Is there someplace I can download historical stock data in a machine-friendly format?

I want to test the following hypothesis: investing in 10 stocks chosen randomly from the S&P 500 Index has a similar return to the S&P 500 Index as a whole.

I'm interested in long-term effects, so one quote per stock per year would be sufficient. Some kind of server that I could programmatically query for the closing price of a ticker symbol on a certain date would be awesome.

Go to Yahoo quotes, then go to any quote, then go down to where it says “download to spreadsheet” and then look at the link.

You can adjust the parameters for dates and ticker, amongst other things.

I’ve used that for data feed stuff many times.

Also note that you can put in today’s date for the more recent date, and then a date like 50 years previous (although I would go more 10-20), and it will get that much data if it can, otherwise it errs on giving you what it does have.

If you just go to the historical quotes from another page on that stock, you’ll see what the maximum range is for that security.

Neat. I found a Python script that someone else wrote to download all of the data (from Yahoo) for a list of ticker symbols.

Isn’t your hypothesis here just “random sampling is a valid polling tactic”? If you chose 500 random samples from the S&P, they’d perform exactly like the S&P. If you drop 1, it’ll just be nearly exactly as you’ve introduced some randomness. Induct down to 10 and you’ve just got a higher error rate as the random group clusters towards one end of the profitability scale (that is only known in hindsight of course), but you haven’t changed the core activity of random sampling.

I think it is more precisely a central limit theorem kind of thing [law of large numbers, maybe].

See my other response.

You’re right that this is a sampling problem.

Another way of phrasing my question is this: how many stocks do I need to sample in order to get the error rate satisfactorily low?

I suppose another way I could tackle the problem would be to study the distribution of changes in value of the S&P 500 stocks.

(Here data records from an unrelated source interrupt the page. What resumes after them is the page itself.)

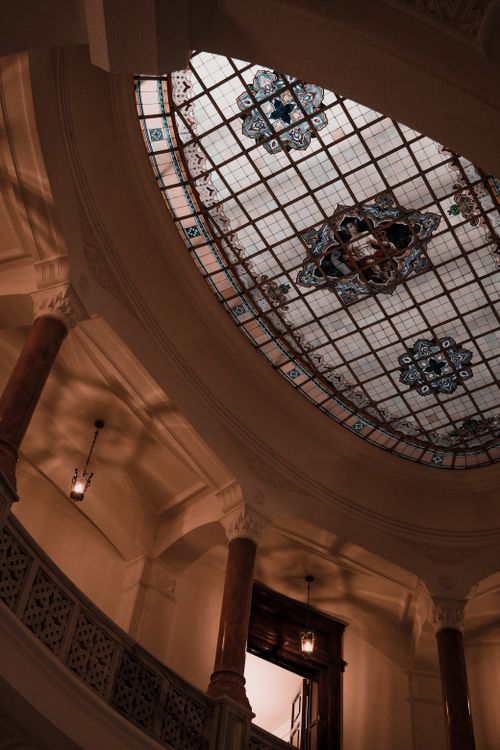 Free Interior view of a historic building in Ankara featuring an elaborate stained glass ceiling and columns. Stock Photo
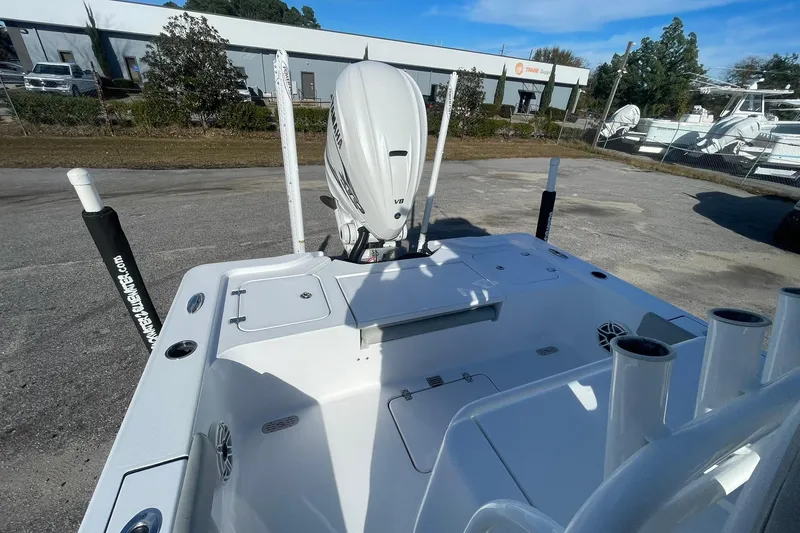 Slide: The Image of 2020 Sportsman Masters 267OE Bay Boat with cushioned seating, parked outdoors. - 19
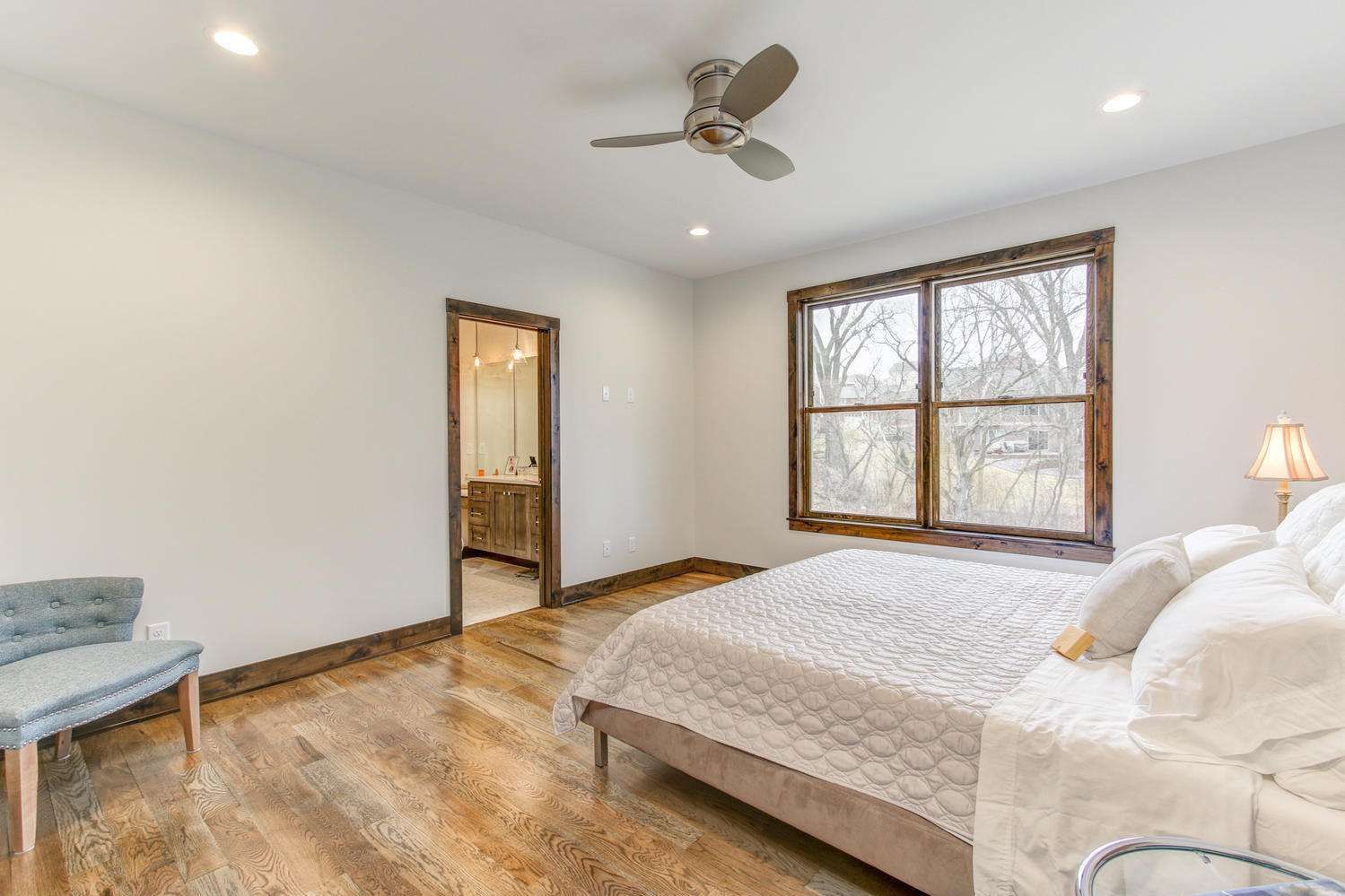 Bedroom with wooden floors and trim, a bed, a window, a chair, and a ceiling fan.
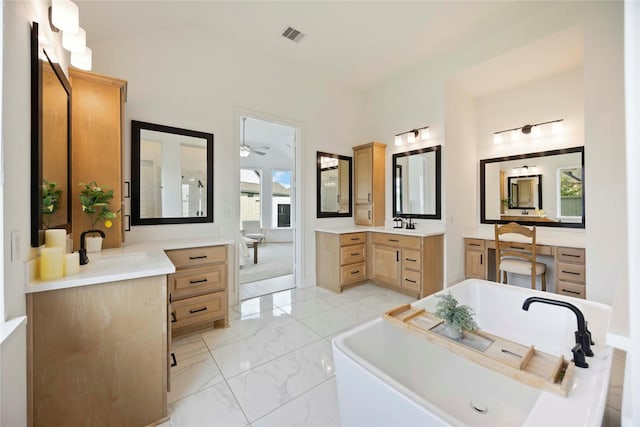 11822 Creekside Shore Cir, Cypress, TX 77433 - full bath featuring a soaking tub, two vanities, marble finish floors, and ceiling fan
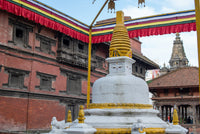 White stupa with gold accents in front of a red building with traditional architecture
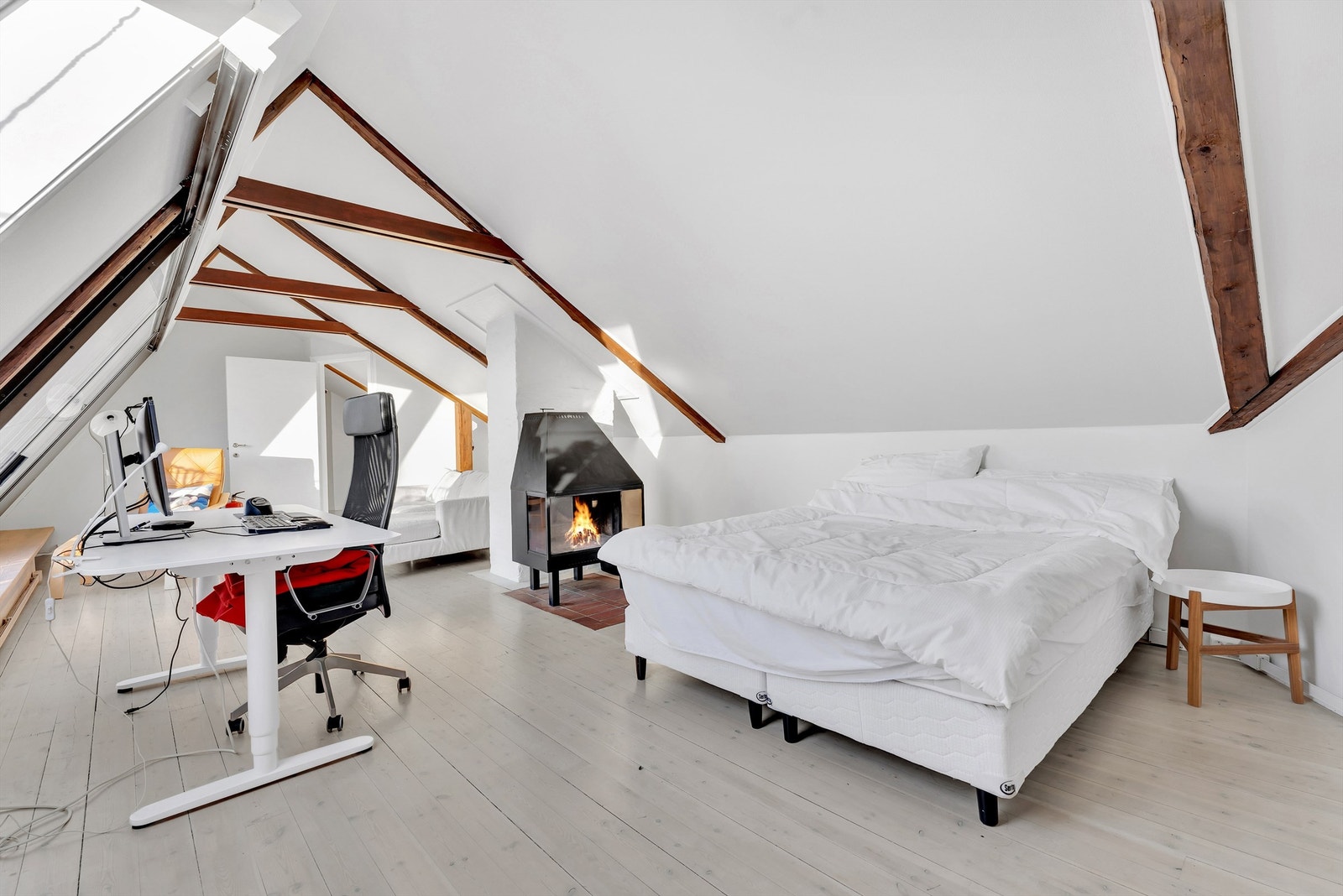 Loftstue med peisovn og utgang til balkong. Galleribilde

Here’s a plot I just made of the percentage change in the S&P stocks from a year ago today, along with fits to normal and logistic distributions:

That’s close enough to a normal distribution for me. Standard deviation is around 20 percentage points, so the average of 10 stocks should have a standard deviation of 20/sqrt(10) = 6.3 percentage points.

Tweak

The standard deviation of the mean of your ten stocks from the mean of the S&P 500 will be about 6 percentage points. The actual standard deviation of your outcomes will be sqrt(20^2 + 6^2) [which, in and of itself isn’t quite right, but closer], which is like 21%.

Re: Tweak

The 20 percentage points I computed was the variance of all the S&P stocks around the mean of the S&P stocks over one year. The variance of the mean between one year and another is a completely different ball of wax. The actual standard deviation of the outcomes would be sqrt(X^2 + 6^2) but I haven’t tried to estimate X.

Re: Tweak

I think we agree. There is a mean and standard deviation for the underlying distro [all S&P500 stocks], and then there is a standard deviation for your sample means with respect to the S&P500 mean, governed by the Central Limit Theorem. The sum [L

_{2}-norm] of those two standard deviations gives your the standard deviation of your sample outcomes [but not exactly, because, I think there is some consideration because the values aren’t independent].As far as year-over-year, if you are choosing randomly, I think that your sample distribution will be stationary with respect to the S&P500 distro. Actually predicting the S&P500 movements, well, good luck.